Alright i'm doing this first by album - and then we'll whittle it down into a setlist. There will be too many songs here. This is U2 we're talking about, after all - not Bruce.

  • Boy
    • I Will Follow
    • Twilight
    • Out of Control
    • The Ocean
    • The Electric Co.
  • October
    • Gloria
    • October
  • War
    • Sunday Bloody Sunday
    • New Year's Day
    • Two Hearts Beat As One
    • 40
  • The Unforgettable Fire
    • A Sort of Homecoming
    • Pride (fuck off, haters)
    • Wire
    • The Unforgettable Fire
    • Bad
  • The Joshua Tree
    • Where The Streets Have No Name
    • I Still Haven't Found What I'm Looking For
    • With or Without You
    • Bullet The Blue Sky
    • Running To Stand Still
    • One Tree Hill
    • Exit
  • Rattle and Hum
    • Desire
    • All I Want Is You
  • Achtung Baby (ok this album is absolutely killer live)
    • Zoo Station
    • Even Better Than The Real Thing
    • One
    • Until The End Of The World
    • The Fly
    • Mysterious Ways
    • Ultra Violet
    • Acrobat (what took you so damn long)
    • Love Is Blindness
  • Zooropa
    • Zooropa
    • Dirty Day (ZooTV style, not e/i style)
  • Pop
    • Discotheque
    • Last Night On Earth
    • Gone
    • Please
  • All That You Can't Leave Behind
    • Beautiful Day
    • Elevation
    • Walk On
    • Kite
  • How To Dismantle An Atomic Bomb
    • Vertigo
    • City of Blinding Lights
  • No Line On The Horizon
    • Moment of Surrender
  • Songs of Innocence
    • Cedarwood Road
    • Raised By Wolves
  • Songs of Experience
    • The Little Things That Give You Away
    • The Blackout
  • One Offs
    • 11 O'clock Tick Tock
    • Hold Me Thrill Me Kiss Me Kill Me

That's 53 tracks.
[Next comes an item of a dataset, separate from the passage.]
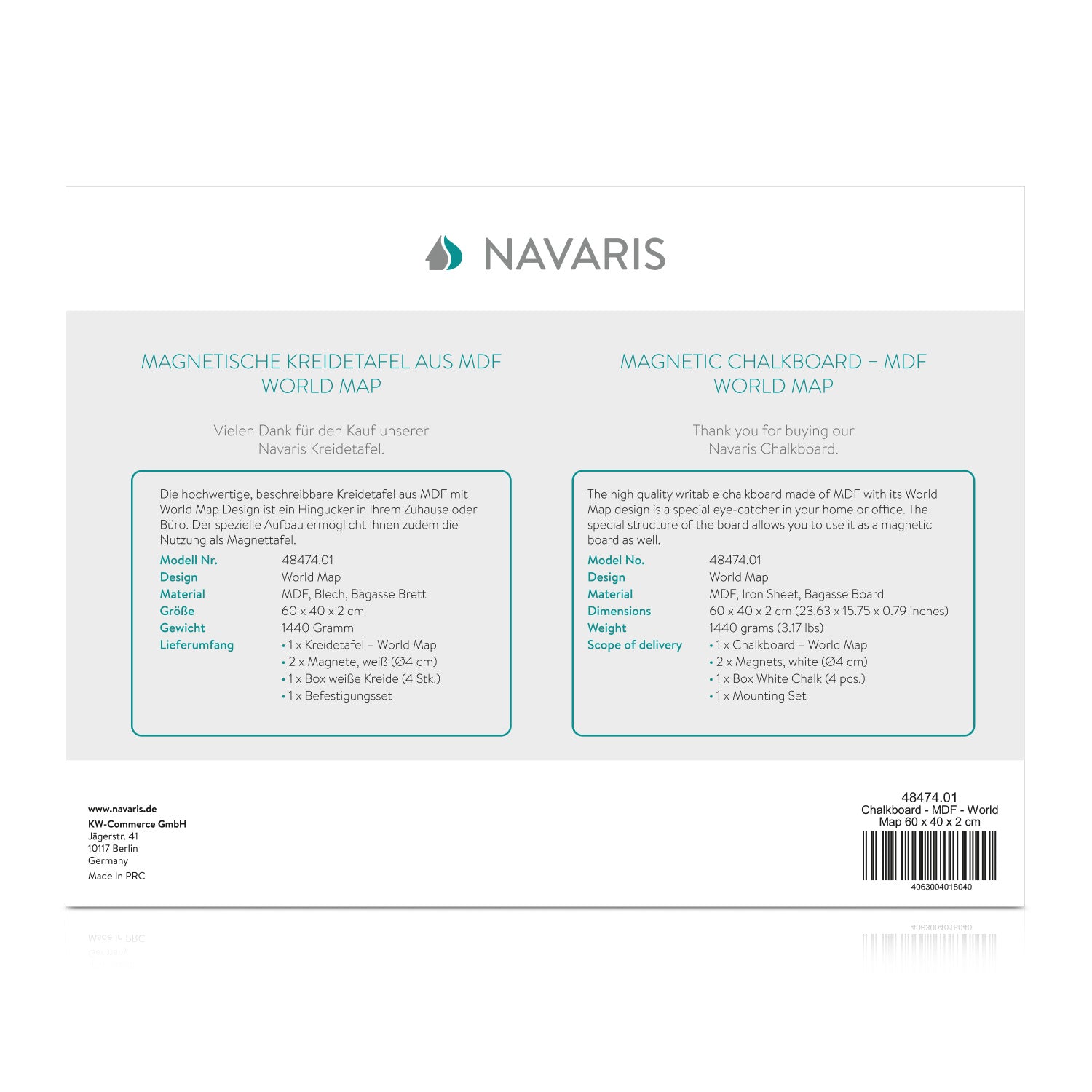 Navaris Magnetic Memo Board - Μαγνητικός Πίνακας Ανακοινώσεων - 60 x 40 cm - Design World Map - 48474.01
I'm sure there may be some disagreement on a few tracks on the margins here, but for the most part I feel this is fairly accurate.
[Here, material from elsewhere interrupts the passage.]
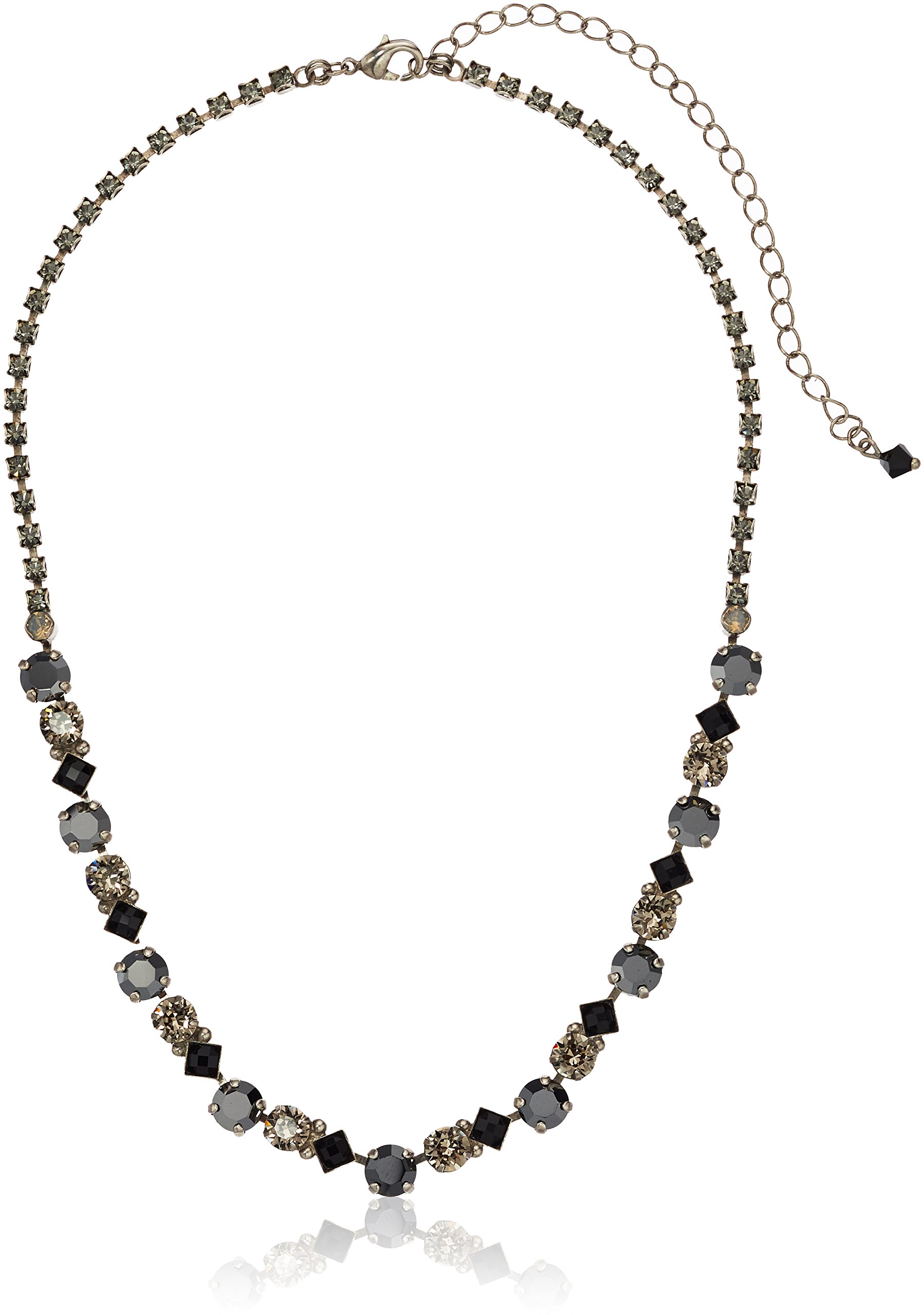 SorrelliBlack Onyx Dazzling Diamonds Line Necklace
So hey, guys (by guys i mean U2)... let's, ya know, scrap the new album ideas and focus on a two night experience at Sphere - one show pre 80s, one show from 90s on - playing nothing but your best fucking live songs. Make it happen, fuckers.
 
Pop should include Mofo.
ATYCLB should definitely include New York, it was the highlight of that album live IMO (Sphere could have some good visuals for that, maybe a Sinatra theme).
 
Mofo and Stay (full band) for sure should be there.
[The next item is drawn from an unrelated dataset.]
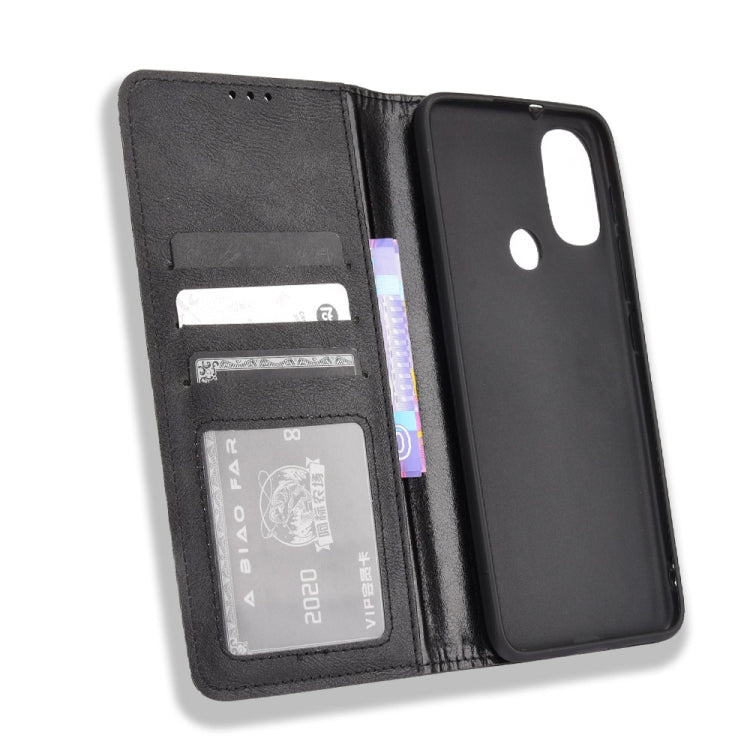 Magnetic Buckle Retro Crazy Horse Texture Horizontal Flip Phone Leather Case with Holder & Card Slots & Photo Frame, Compatible with Motorola Moto E40 / E30 / E20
I don’t think Elevation and Walk On should ever be played again.

And I would love to hear The Ground Beneath Her Feet (full band of course) live at some point.
 
i think my practice is less about what we'd like to hear and more about consensus on songs that are great in a live setting - better than the studio recording, in many instances.

i hedged on Walk On. Elevation, nah, sorry - it's on the list. I'd be fine never hearing it again as well, but it's hard to deny that it goes off live.
 
It’s incredible. It was in all honesty probably my favourite moment in the Sphere, because of the combination of the song and the visuals. Played so fucking well, and I genuinely felt this beautiful sense of despair and pain as the screen went that ultramarine blue and then the insects filled the screen. The Viva Las Vegas snippet too. I’m getting goosebumps thinking about it. Oh how I wish more of the casuals could have seen that moment for the achievement that it was.
 
That's the band at the absolute height of its powers. Nothing will ever top that original ZooTV tour.
Early ZooTV legs were U2 at their musical peak. There was still the looseness and ferocity of Lovetown gigs combined with the sheer sonic assault of the Achtung Baby tracks and reinvented old songs such as Bullet the Blue Sky.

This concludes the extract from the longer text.